There is a gpio group (at least on the Jetson Nano) that appears to have no purpose.

I have my “nano” user added to that group yet still, I have to sudo to access anything in sysfs (specifically the gpio).

nano@nano-desktop:~$ cat /sys/kernel/debug/gpio
cat: /sys/kernel/debug/gpio: Permission denied

Does anyone know how to fix this?

Update: okay, I CAN write/read to /sys/class/gpio/ and below. I just cannot access /sys/kernel/debug/gpio

Use “sudo” on any command accessing this. Example:
sudo ls /sys/class/gpio
sudo ls /sys/kernel/debug/gpio

You can drop into a root shell if you plan on chaining commands together and don’t want to run sudo each time:

sudo -s
...do several things...
exit

Basically, those files are not real files, and are direct connects to various drivers. Regular users are not allowed to do this.

You don’t need sudo for /sys/class/gpio.

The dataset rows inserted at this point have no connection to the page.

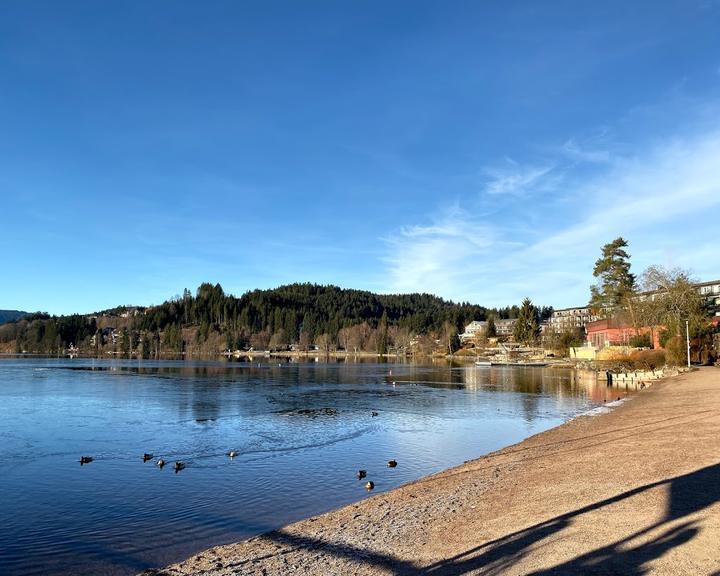 titisee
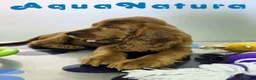 Cocker Spaniel Inglés perros en venta: Cocker Spaniel Hembra - Anuncio 8
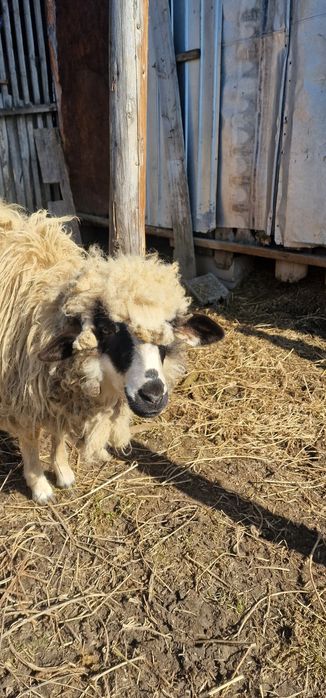 Vand mielute, tap si capre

I suppose I was hoping that the Nvidia development people would amend the udev rule to allow user read permissions in /sys/kernel/debug/gpio in future releases.

I suspect they’re just being careful with permissions, which I appreciate. I think debugfs requires root on most (all?) Linux distros. Jetson.GPIO seems to work simply being in the gpio group.